On August 10, 2020, the San Francisco Superior Court granted the State of California a preliminary injunction requiring Uber and Lyft to reclassify their drivers as employees.  People of the State of California v. Uber Technologies, Inc. concerns the application of Assembly Bill No. 5 (A.B. 5), which targeted the gig work economy.  Uber and Lyft have disputed the application of the legislation to their businesses, so the California Attorney General Xavier Becerra and the city attorneys from San Francisco, Los Angeles, and San Diego initiated a lawsuit on May 5, 2020, to require Uber and Lyft to comply with A.B. 5. 

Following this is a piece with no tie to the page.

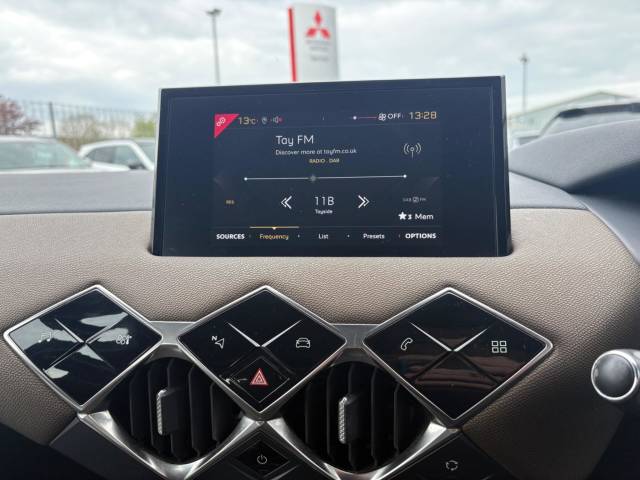 2020 DS AUTOMOBILES DS 3 CROSSBACK 1.5 BlueHDi Elegance Crossback 5dr Diesel Manual Euro 6 (s/s) (100 ps)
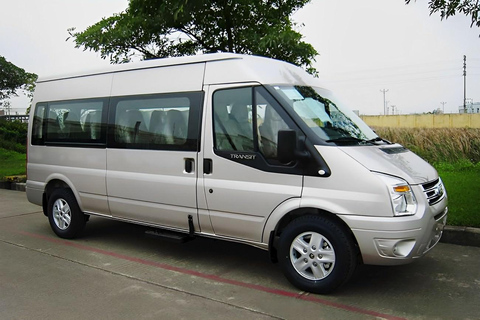 Private taxi: Bana Hills/Golden Bridge to Da Nang (1 way) MPV/SUV (4 people + 4 bags) - Comfortable class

A.B. 5, which came into effect on Jan. 1, 2020, codified the “ABC Test” in Dynamex Operations West, Inc. v. Superior Court for determining whether a worker should be classified as an employee for state tax and labor purposes.  Under the ABC Test, a worker will be presumed to be an employee unless the hiring entity can establish three factors: 

(A) The individual is free from the control and direction of the hiring entity in connection with the performance of work;

(B) The individual performs work that is outside the usual course of the hiring entity’s business; and

(C) The individual is customarily engaged in an independently established trade, occupation, or business of the same nature as the work performed for the hiring entity.

The distinction between an employee and an independent contractor is an important one.  If a worker is classified as an employee, the hiring business must pay federal Social Security and payroll taxes, unemployment insurance taxes and state employment taxes.  The hiring entity must also provide worker’s compensation insurance to employees and comply with state and federal statutes regarding working conditions, wages, and hours.  A.B. 5 provides for injunctive relief to prevent hiring entities from continuing to misclassify their workers. 

Uber and Lyft argued that A.B. 5 does not apply to their drivers because their businesses were “multi-sided platforms” instead of transportation businesses.  The court rejected this argument because the California Public Utilities Commission regulates Uber and Lyft’s businesses as transportation network companies.  The court concluded that the drivers perform a function that is central to Uber and Lyft’s businesses and, therefore, they cannot satisfy the second prong of the ABC test.  The court weighed the harm to the drivers, competing businesses and general public of misclassifying the workers against the costs to Uber and Lyft of restructuring their businesses and concluded that a preliminary injunction was warranted.  The court stayed the injunction for ten days, allowing the companies to file an emergency appeal of the ruling.

Uber and Lyft continue to challenge the application of A.B. 5 on multiple fronts.  First, Uber has challenged the constitutionality of A.B. 5 in Olson v. Becerra.  Uber’s appeal of this case is pending before the Ninth Circuit.  Second, Uber and Lyft have jointly sponsored Proposition 22, a ballot initiative on the November 2020 ballot which would classify app-based drivers as independent contractors.  Finally, Uber and Lyft are involved with numerous cases in state and federal courts and individual arbitration proceedings raising similar issues.  It remains to be seen what the outcome of these efforts will be; however, People of the State of California v. Uber Technologies, Inc. makes it clear that California intends to vigorously enforce A.B. 5.  Businesses who rely on independent contractors and have been waiting to see how A.B. 5 will be applied should consult with their advisors to determine their exposure under the legislation.